MJ Guthrie (@MJ_Guthrie, blog): I can honestly say I am not really the type of gamer who makes resolutions with my games. I like to keep my gaming as enjoyable a pastime as possible, and giving myself deadlines for accomplishing things pretty much does the opposite of that. Then I feel pushed and stressed to accomplish something; I’d rather do whatever my mood strikes me to do instead of shoehorn some activity in because I feel I “have to” by making it a goal. If I am not in the mood to play a specific game or engage in a particular activity, then feeling forced into it just makes me resentful and not enjoy my time there. Then what is the point of even gaming?
That said, I do have things I’d like to do, such as finishing some decorating ideas I have in EverQuest II and making more of an effort to make it to certain game festivals. I have levels I want to get in games and content I want to experience. I also would LOVE to get my guild concept working in the right game, but first I need a game with the right features for it to work! For me, it will be more of little goals as I go, when I decide there is something I want to accomplish at the moment and set out to do that.

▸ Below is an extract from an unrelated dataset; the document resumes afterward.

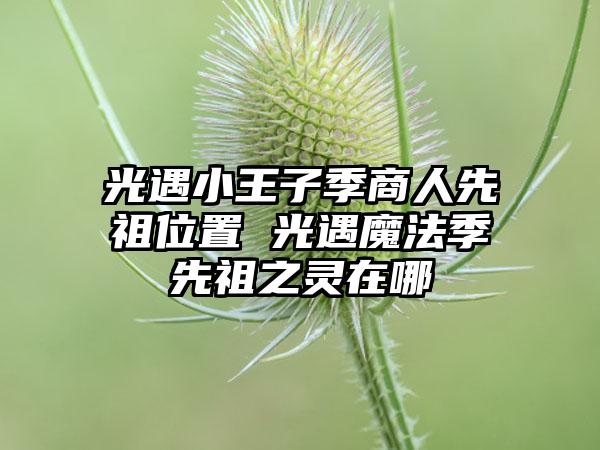 光遇小王子季商人先祖位置 光遇魔法季先祖之灵在哪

Overall I am aiming to try and play my favorite games more regularly, but that can be difficult and truly depends on what is happening in life at the time. I want to spend more time with friends in games. I am also planning to stream much more often on my own channel.
I do have actual established goals I have set that are related to gaming, however. They involve personal projects like developing different creative endeavors (podcast, comic) and diving fully back into content generation on LookingForShinies.com. I also need to get all my personal streams finally uploaded into my YouTube! Oh, and convince Bree to let me go to even more conventions and studio trips this year!